#### EXERCISE OBJECTIVE
What's wanted is a faithful retyping of every entry, pictures excluded.

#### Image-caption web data
■ ■ ■ ■ ■

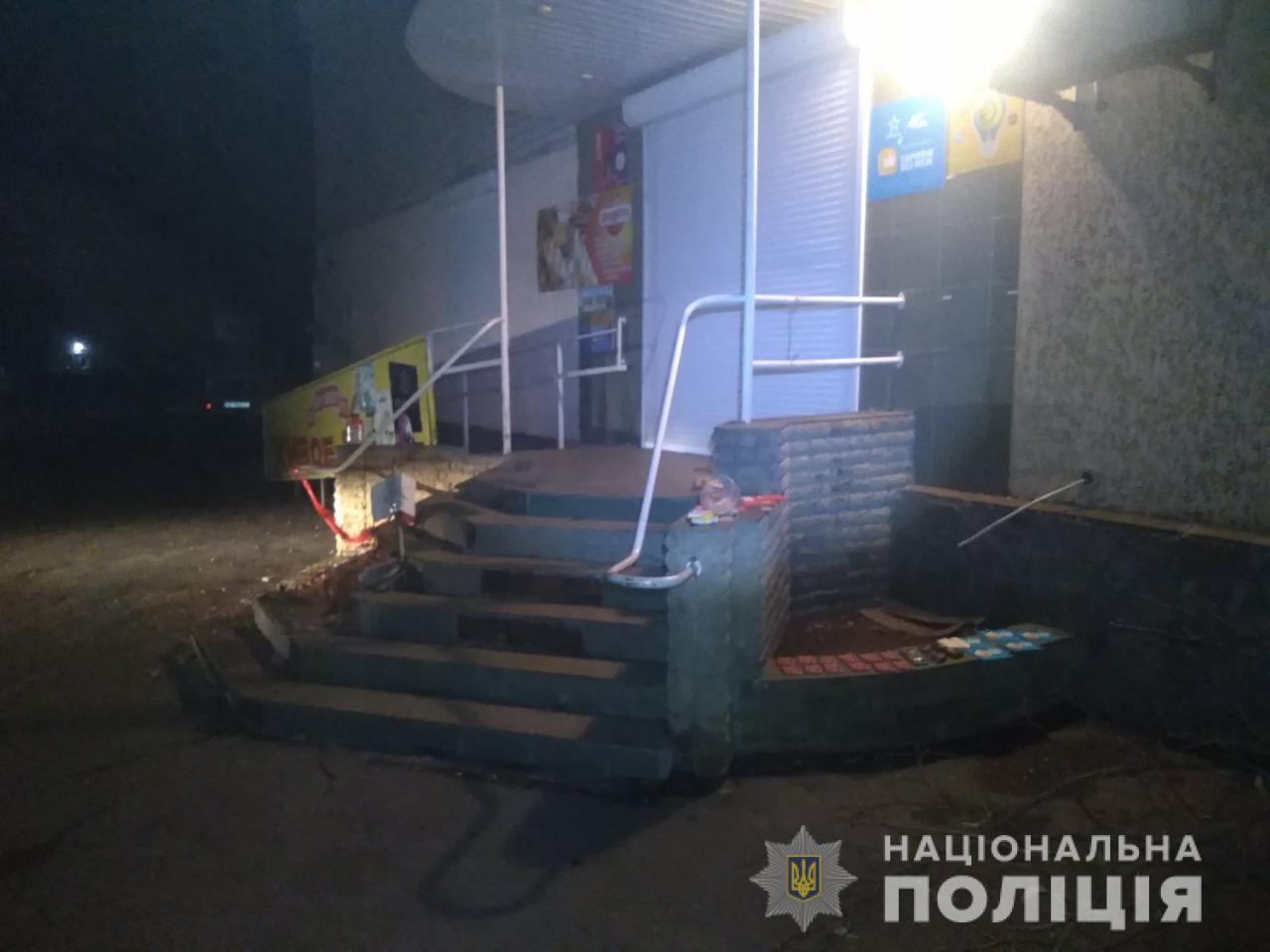 В Харьковской области три подростка обокрали магазин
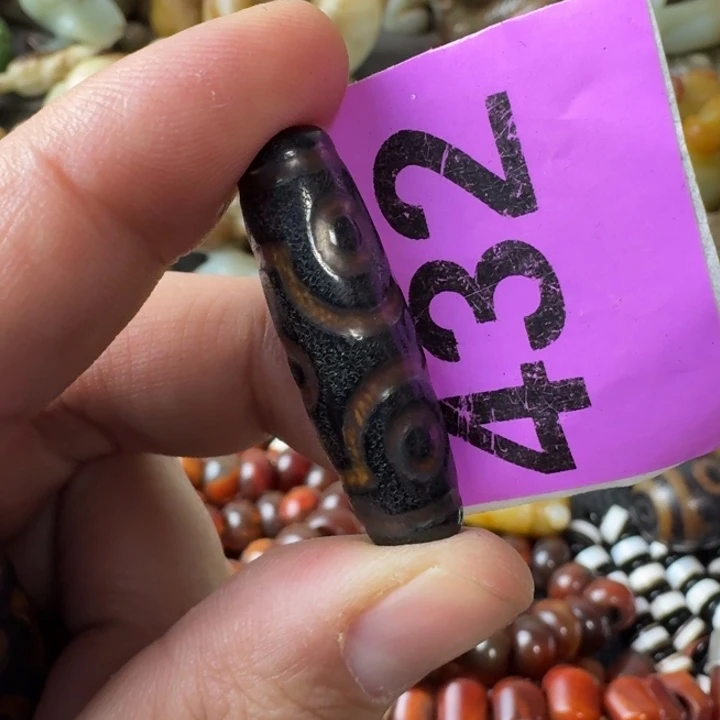 d***k玛瑙/玉髓未镶嵌颈饰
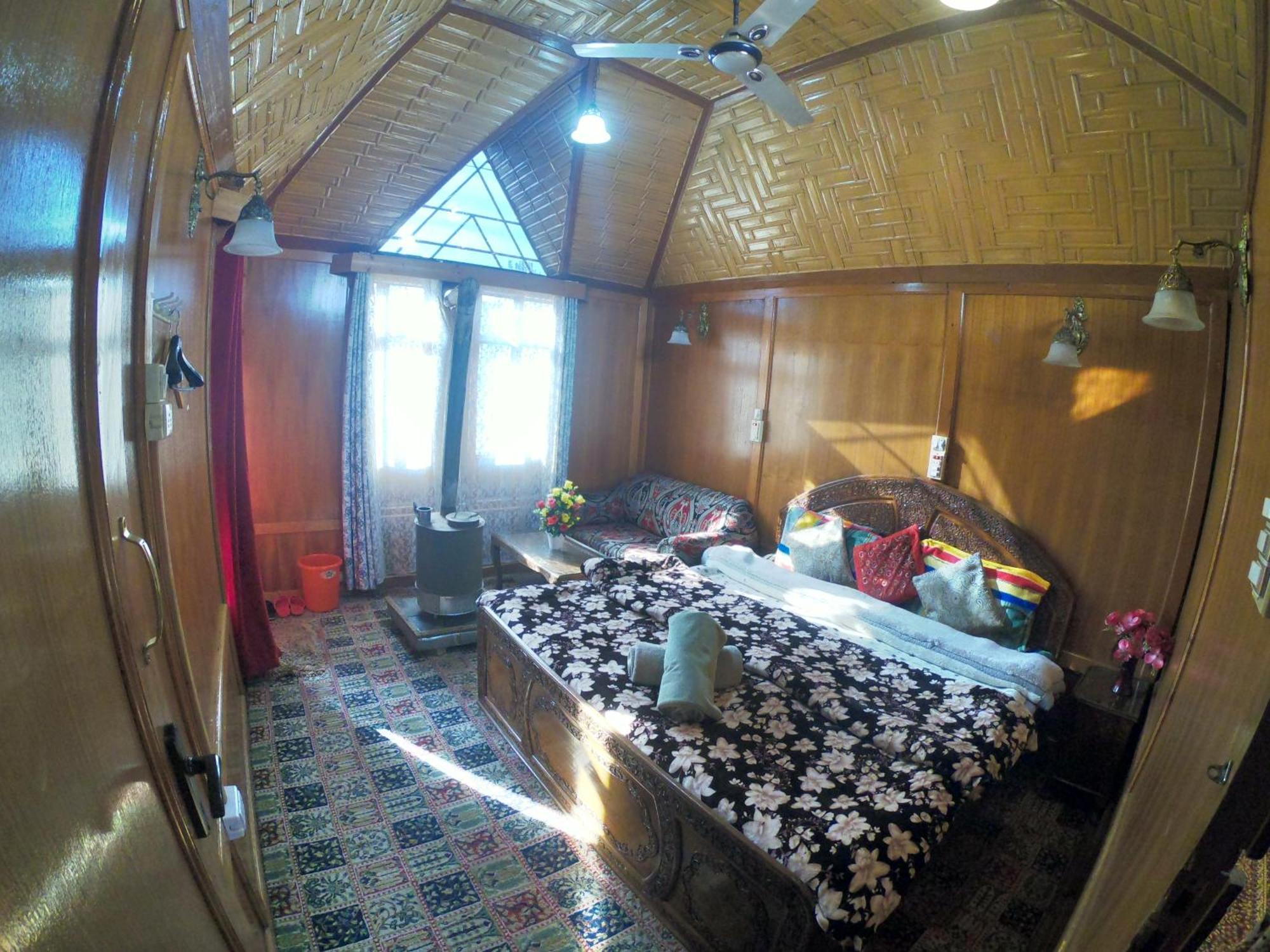 Goona Palace Houseboats Srīnagar Zewnętrze zdjęcie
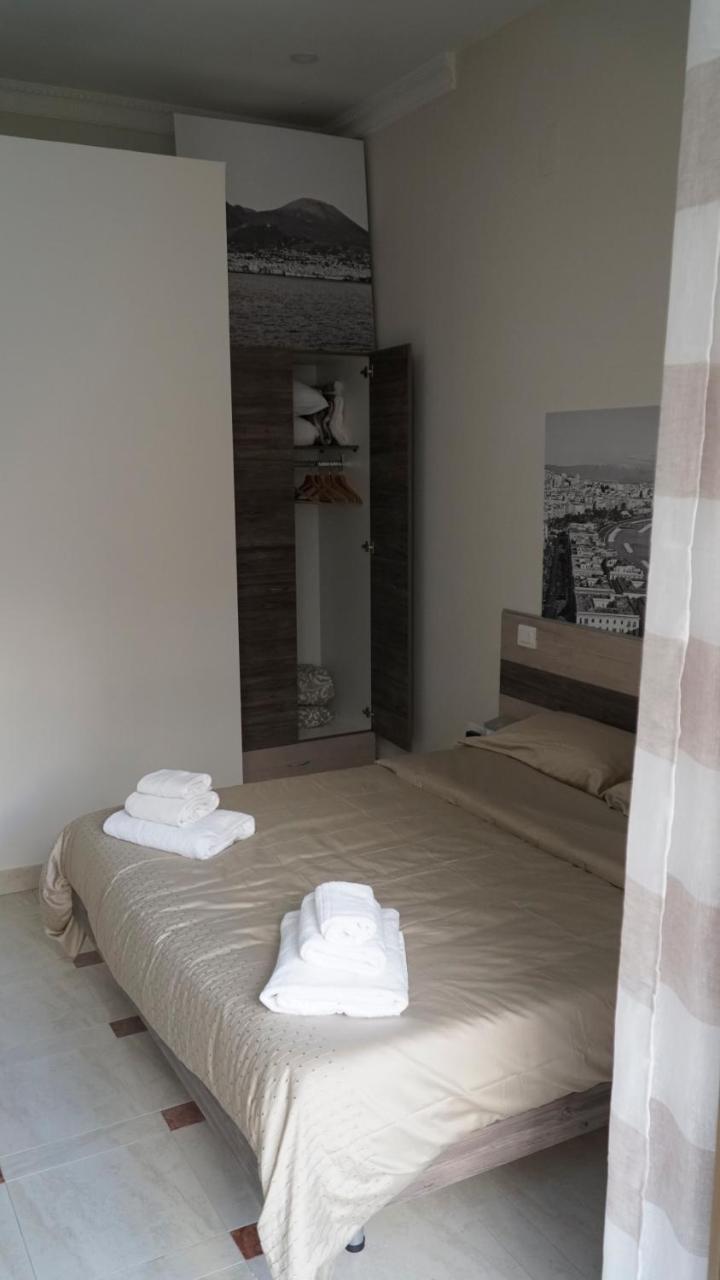 Donna Vicenza Bed & Breakfast Neapel Exterior foto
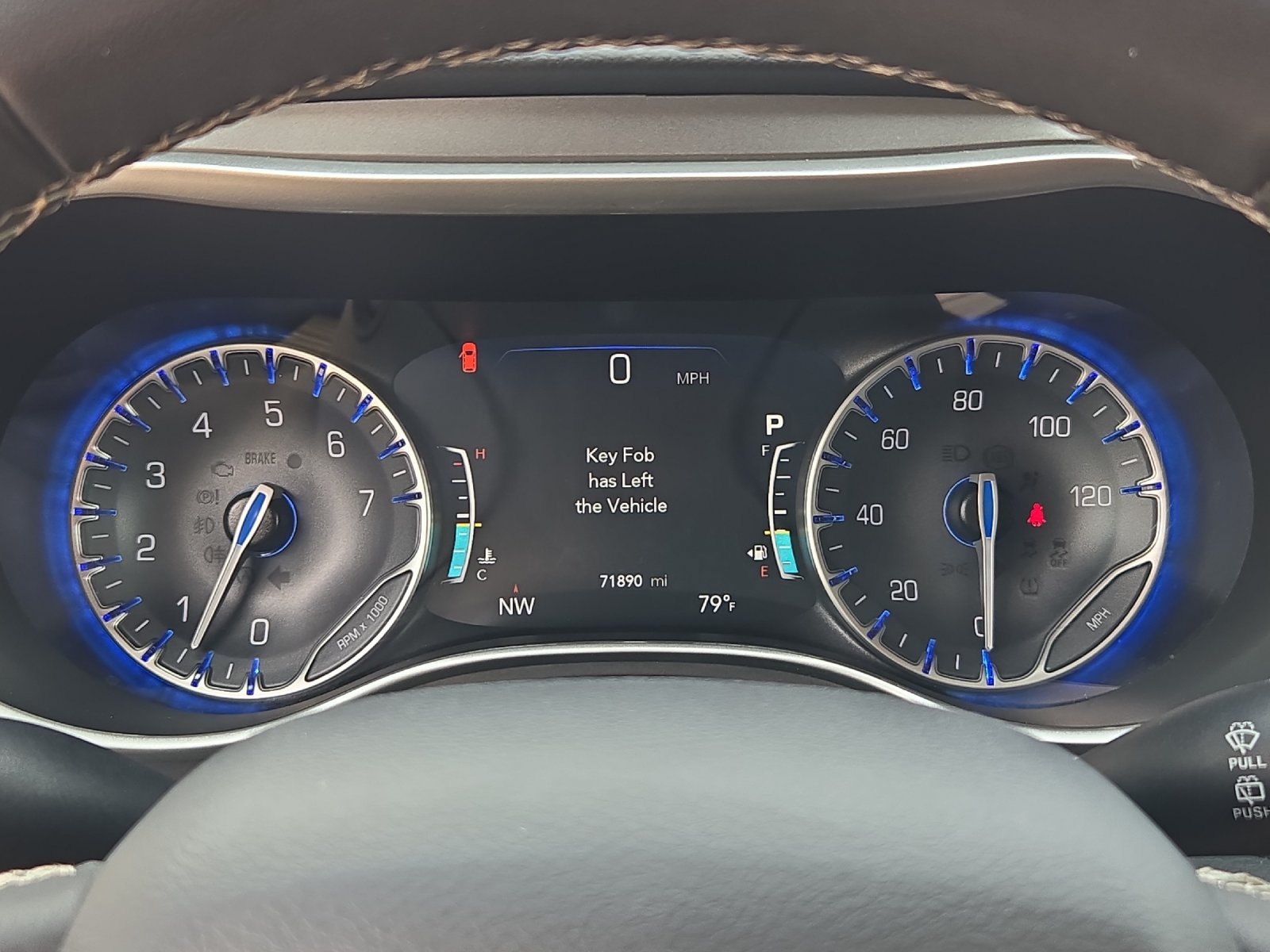 Used 2023 Chrysler Pacifica Touring-L FWD image 23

■ ■ ■ ■ ■

#### RESULT OF THE TASK
 В Харьковской области три подростка обокрали магазин
 d***k玛瑙/玉髓未镶嵌颈饰
 Goona Palace Houseboats Srīnagar Zewnętrze zdjęcie
 Donna Vicenza Bed & Breakfast Neapel Exterior foto
 Used 2023 Chrysler Pacifica Touring-L FWD image 23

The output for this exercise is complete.